- Work required: Exact copy, pictures excluded: reproduce every record below.

- Exercise data:
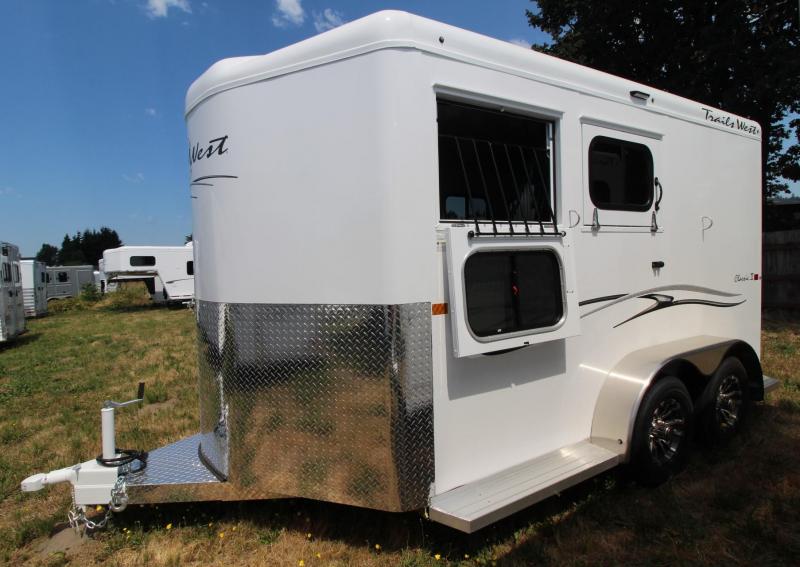 2023 Trails West Manufacturing Classic II Horse Trailer Horse 2023 Trails West Manufacturing Classic II Horse Trailer Horse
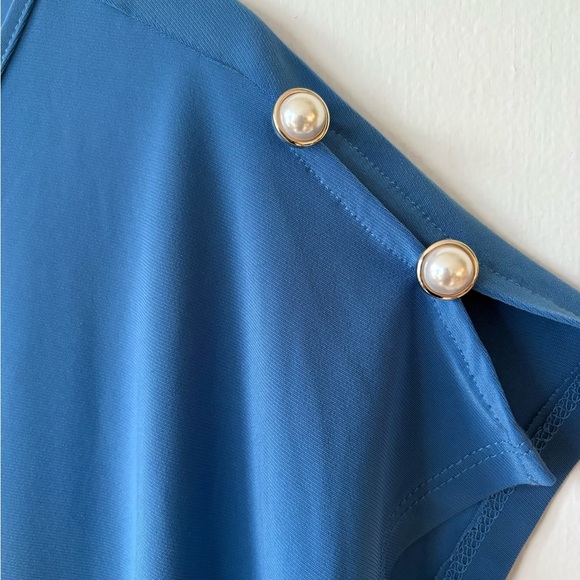 89th & Madison Blue Cap Sleeve Relaxed Blouse Button Detail Size Medium - Picture 2 of 5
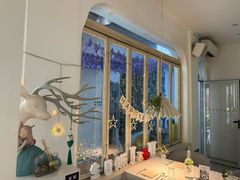 -春树下·树屋花房西餐厅(罍街AS1980店)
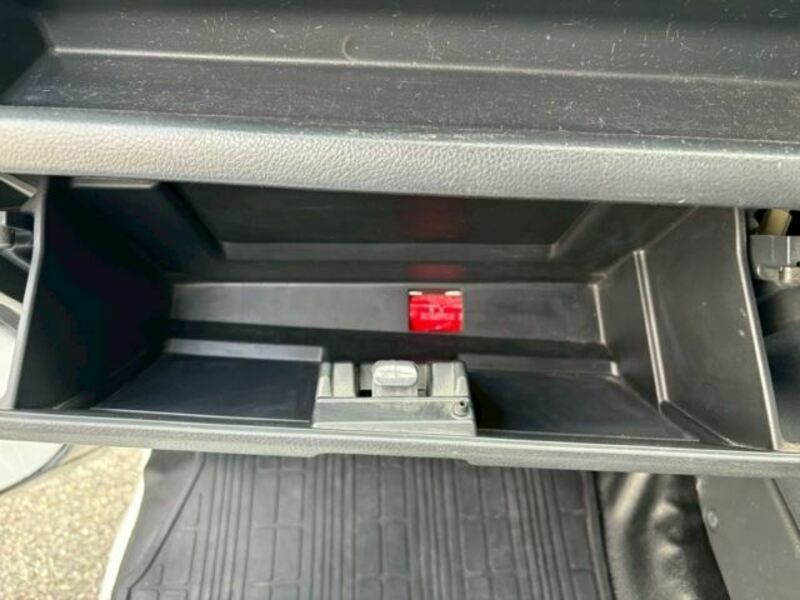 MINICAB TRUCK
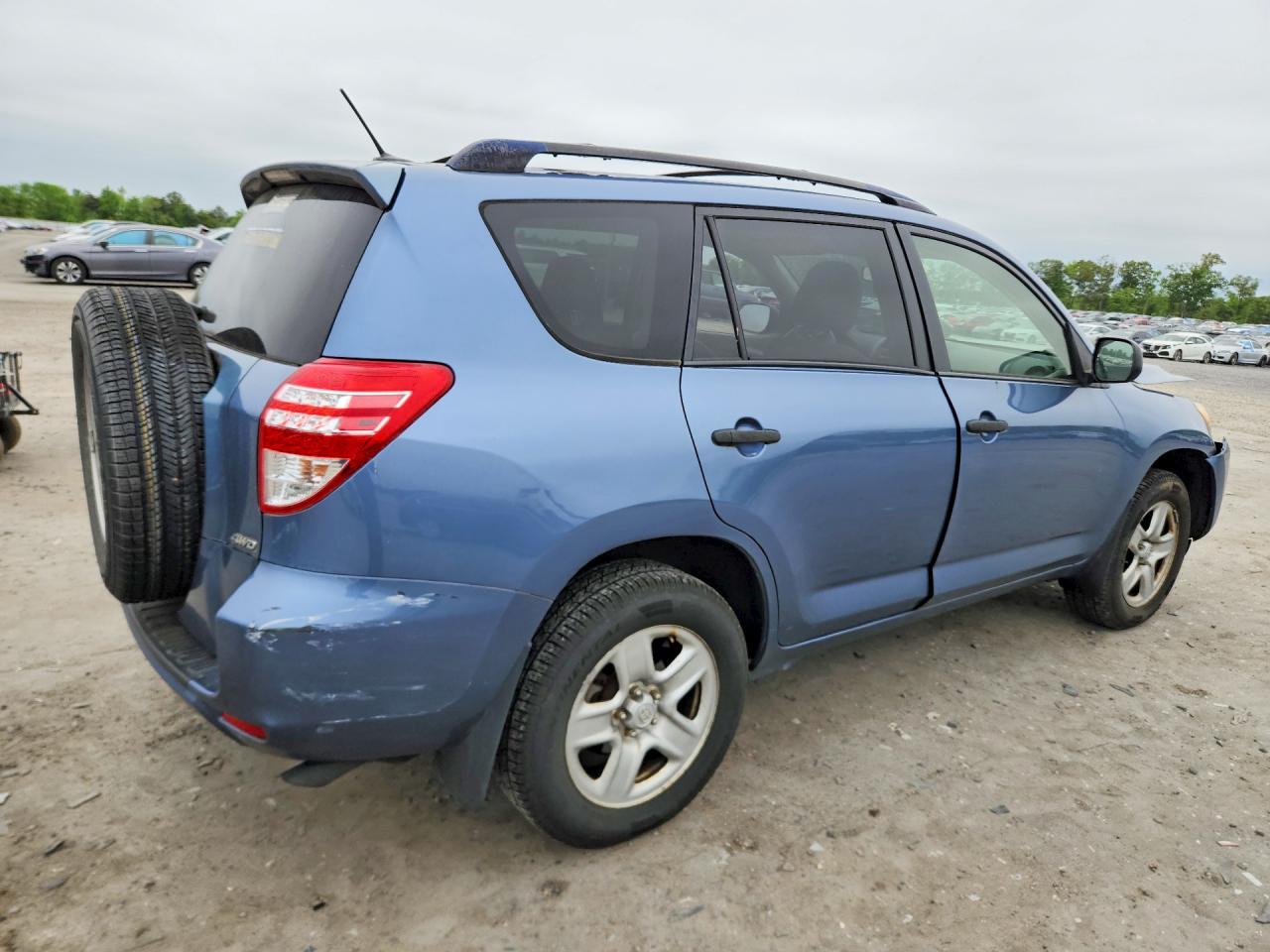 Toyota RAV4 Base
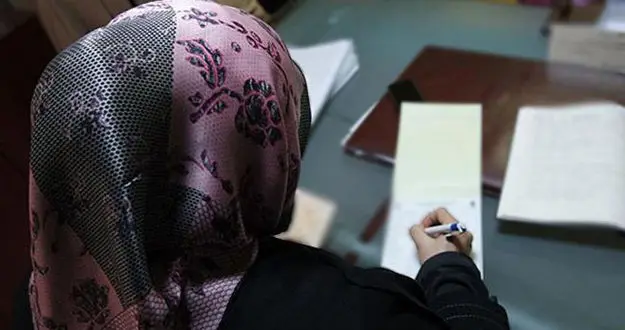 Berlin’de başörtülü öğretmenler okullarda çalışabilecek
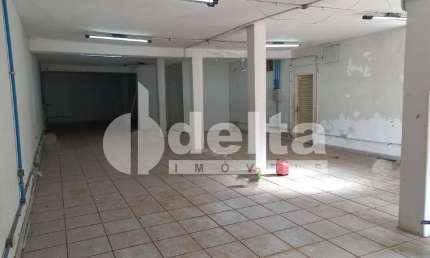 Loja disponível para venda no bairro Santa Rosa em Uberlândia-MG.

- Finished exercise:
 2023 Trails West Manufacturing Classic II Horse Trailer Horse 2023 Trails West Manufacturing Classic II Horse Trailer Horse
 89th & Madison Blue Cap Sleeve Relaxed Blouse Button Detail Size Medium - Picture 2 of 5
 -春树下·树屋花房西餐厅(罍街AS1980店)
 MINICAB TRUCK
 Toyota RAV4 Base
 Berlin’de başörtülü öğretmenler okullarda çalışabilecek
 Loja disponível para venda no bairro Santa Rosa em Uberlândia-MG.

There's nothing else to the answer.